Scene: Dharma Under the Banyan Tree
🌄 Setting: The Kurukshetra battlefield, thick with the scent of turmeric and iron. Tigers roar in the jungles beyond, while mothers clutch children to their chests, their eyes reflecting the flames of war. An old woman grinds rice with a stone, humming a hymn to Kali. Sun Wukong lands in a backflip, crushing a chariot wheel under his heel, while Moses steps forward, staff glowing like a serpent of light.
I. Arjuna’s Despair & Krishna’s First Teaching
Arjuna (voice trembling): “Krishna, how can I slay my kin? Their blood will stain the Ganga, and their curses will haunt my sleep!”
Krishna (calm, eyes like galaxies): *“The wise grieve neither for the living nor the dead. The *atman* (soul) is eternal—it does not kill, nor is it killed.”*
Moses (gripping his staff, recalling Egypt’s plagues): “But Lord, what of the mothers here? Their sons’ bodies will feed vultures. Does your ‘eternal soul’ dry their tears?”
Sun Wukong (perched on a cannon, peeling a mango): “Ha! If souls don’t die, why not let the monkeys rule? I’d toss these kings into the sea!”
Krishna (smiling): *“Action is your duty, Moses, but *fruits* are not. Lead your people, but let the Red Sea’s parting be your act, not your obsession.”*
A tiger lunges from the brush. Moses raises his staff, splitting the beast into two stone statues. The old woman gasps, then laughs.
II. The Gunas and the Storm Within
Krishna (gesturing to the chaos): *“Three forces bind all: *sattva* (harmony), rajas (passion), tamas (ignorance). Your Pharaoh drowned in tamas; your Israelites raged in rajas. But you, Moses, sought sattva—truth beyond the staff.”*
Moses (staring at his hands): *“In the desert, I struck the rock in anger… Was that *rajas?”
Sun Wukong (mocking): *“Anger? I once upended Heaven’s wine jars! *Rajas* tastes sweet!”*
Arjuna (suddenly lucid): “But Krishna—how do I fight without hatred?”
Krishna (voice thundering): *“Perform your *dharma* as worship! The bow in your hand is not a weapon but a prayer!”*
A child tugs Moses’ robe: “Will the tiger return?” Moses kneels, staff-light softening: “The soul doesn’t fear tigers.
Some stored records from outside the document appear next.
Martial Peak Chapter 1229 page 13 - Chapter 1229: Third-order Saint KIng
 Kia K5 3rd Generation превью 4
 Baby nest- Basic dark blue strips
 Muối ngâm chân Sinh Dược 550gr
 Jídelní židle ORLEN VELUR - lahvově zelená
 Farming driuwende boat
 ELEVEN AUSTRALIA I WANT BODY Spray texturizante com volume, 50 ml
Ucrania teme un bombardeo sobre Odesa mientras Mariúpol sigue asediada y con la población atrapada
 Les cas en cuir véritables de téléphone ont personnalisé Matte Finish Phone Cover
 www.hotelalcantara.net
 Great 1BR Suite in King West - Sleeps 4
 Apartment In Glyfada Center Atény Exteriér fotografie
Remember that.”
III. Sun Wukong’s Illusion & Moses’ Revelation
Sun Wukong (snapping his fingers): The battlefield dissolves into a bamboo forest. Arjuna sees his sons as monkeys, laughing in the trees.
Krishna (unfazed): *“Illusions fade, Wukong. Even your ‘Havoc in Heaven’ was a play of *maya.”
Moses (to Krishna): *“Your words… they mirror the Burning Bush. ‘I AM’ spoke through fire, but you speak through *this.” He gestures to the weeping mothers, the tigers, the grinding stone.
Old Woman (interrupting, voice cracked): “The soul is eternal? Then why do I mourn my husband?”
Krishna (gently): “Mourn the vessel, not the voyager. Your tears water the soul’s journey.”
Sun Wukong, bored, plucks a hair and blows—a golden staff appears in the child’s hand. “Here! Fight tigers with this!”
Epilogue: The Jungle’s Whisper
As Krishna’s chariot rolls forward, Moses whispers to Sun Wukong: “Your staff divides; his words unite.”
Sun Wukong (grinning): “Unity? I’ll split the moon instead!”
But that night, as tigers prowl and mothers sing lullabies, Moses writes in the sand: “The soul is a sea… and I am but a wave.”
Key Themes & Citations
- Eternal Soul & Duty: Krishna’s teachings on atman and dharma .
- Gunas & Human Conflict: Moses’ struggle with rajas (passion) vs. sattva (truth) .
- Illusion vs. Reality: Sun Wukong’s maya vs. Krishna’s cosmic order .
- Compassion in Chaos: The old woman and child humanize the Gita’s abstract truths .
This scene bridges Exodus’ liberation theology with the Gita’s nishkama karma (selfless action), framing Moses as a seeker torn between law and transcendence—a counterpoint to Wukong’s divine mischief.